AE networks generally have two characteristics [29]:
1. dim(Hidden layer) << dim(Input layer): the hidden layer dimension should be much smaller than the input dimension.
2. The Output of the decoding layer is used for Reconstruction Input, so we should minimize (Reconstruction error(Input, Output)), that is, minimize the reconstruction error between input and output.
VAE can be applied to data dimensionality reduction, feature extraction, and data visualization analysis in machine learning, and it can also be extended and applied to generative models.
As generative artificial intelligence technologies, generative adversarial networks (Gans) and variational autoencoders (VAE) are essential in financial market risk monitoring and management. By generating adversarial methods, Gans can synthesize high-quality financial data, help detect abnormal transactions and potential market manipulation, and improve the accuracy of risk monitoring [30]. VAE, by learning the possible distribution of data, can generate realistic data samples that can be used to simulate different market scenarios, perform stress testing and risk assessment, and optimize risk management strategies.

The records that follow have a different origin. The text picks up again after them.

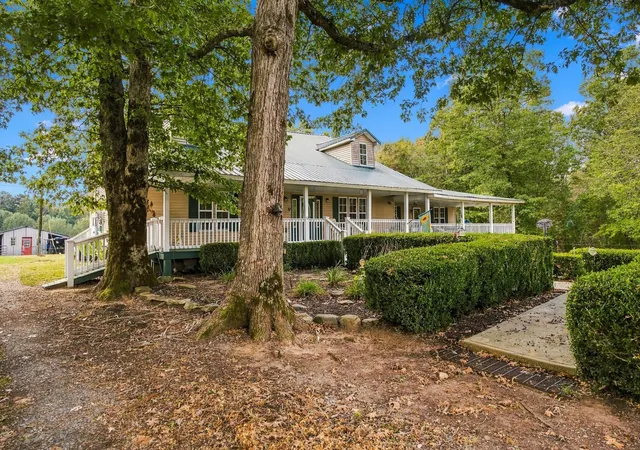 Photo 3 of Single family home for sale at 715 Raven Point St, Tracy City, TN 37387 | MLS# 3611235 | Listing updated on 2026-10-03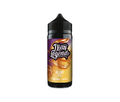 Berry Pie E-Liquid Shortfill By Doozy Vape 100ml - Vapestore Direct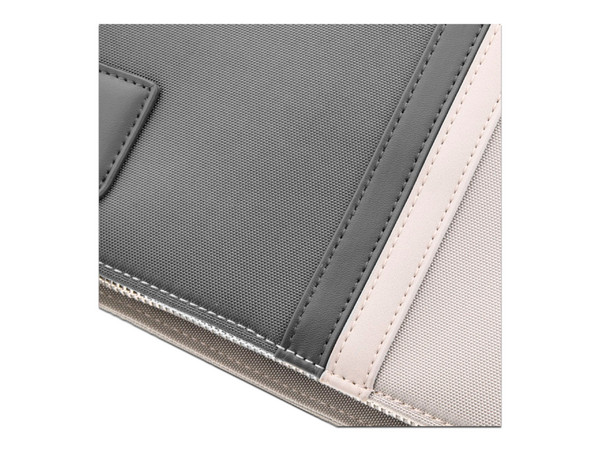 Bolso para Laptop Klip Xtreme KLB-461GR, Soporta Laptops de hasta 15.6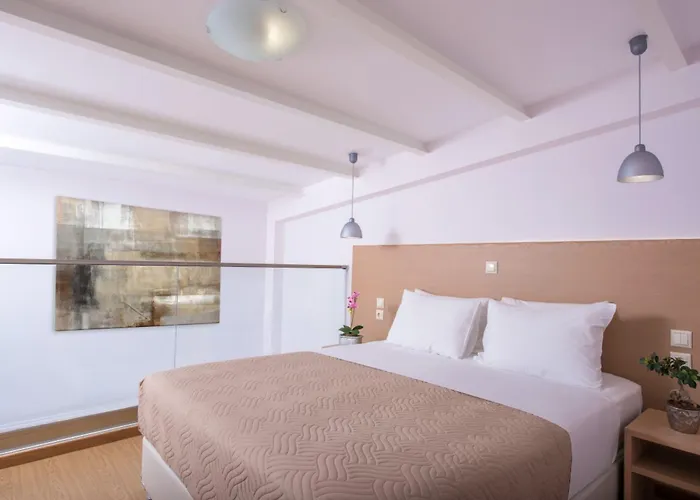 Hotel Oasis - Adults Only Hersonissos (Crete)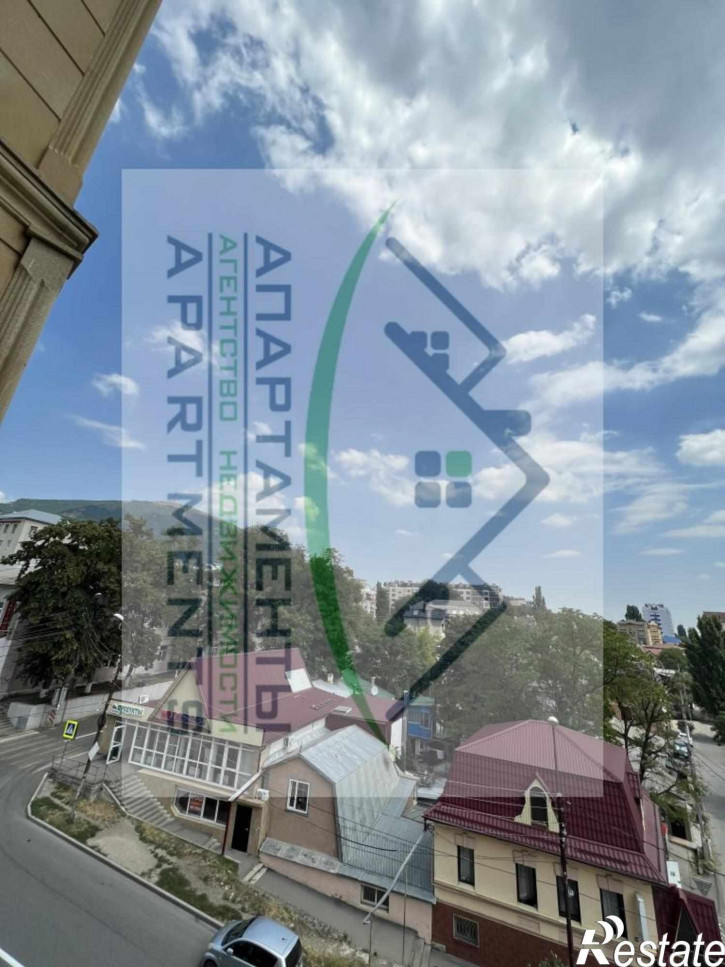 2-комн квартира Власова ул, 31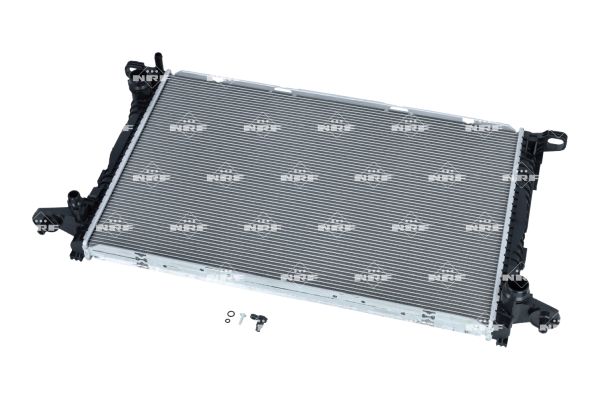 NRF RADIATOR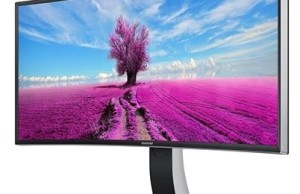 Samsung plans to release its newest 34-inch curved monitor model SE790C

3. The Application of Generative Artificial Intelligence in Financial Market Data Management

3.1. Data Collection and Preprocessing

1. Automate data collection and cleaning with generative AI
In financial markets, the diversity and quality of data directly affect the accuracy of forecasting models [31]. In addition, generative AI can also learn the underlying distribution of data, automatically fill in missing values, deal with abnormal data, and ensure data integrity and consistency.
2. Pretreatment techniques and tools
Data preprocessing is a critical step in data analysis and modeling, aiming to improve data quality, reduce noise, and enhance the performance of models. Standard preprocessing techniques include data cleaning, standardization, normalization, conversion, and feature selection [32]. In terms of tools, there are many powerful libraries in Python, such as Pandas for data processing, Scikit-learn for preprocessing and feature engineering, TensorFlow, and PyTorch for building and training deep learning models. These tools can help users efficiently preprocess data and provide a high-quality data foundation for subsequent modeling and analysis.

3.2. Data Enhancement and Synthesis

1. Use generative AI for data enhancement
Data enhancement is a method of transforming, extending, and generating new data samples from existing data to increase the diversity and quantity of data, thereby improving the robustness and generalization ability of the model. Generative AI, incredibly generative adversarial networks (GANs), and variational autoencoders (VAE) offer significant advantages in data enhancement [33]. Through these techniques, high-quality data samples with similar distributions can be generated, effectively expanding the size of the original data set. For example, Gans can generate stock price data under different market conditions in financial markets, helping models better capture market movements.
2. Examples of improving the diversity and quality of data sets
Here is an example of data enhancement using generative AI techniques:
Raw data set: historical trading data of a financial market, including stock prices, trading volume, etc.
Generative AI model: Gans are used to generate new samples and generate stock price and trading volume data under different market conditions by learning the distribution of the original data.
Data enhancement effect [34]: The generated data samples enrich the diversity of the original data set, cover more market fluctuations, and improve the model’s prediction ability in different market environments.
Table 1. Comparison Table Before and After Data Augmentation.
Table 1. Comparison Table Before and After Data Augmentation.
Dataset Sample Size Sample Diversity Data Quality Model Performance
Before 1000 Low Medium Average
After 3000 High High Excellent
By leveraging generative AI for data augmentation, not only is the sample size significantly increased, but the diversity and quality of the data are also enhanced, thereby improving the performance and stability of predictive models.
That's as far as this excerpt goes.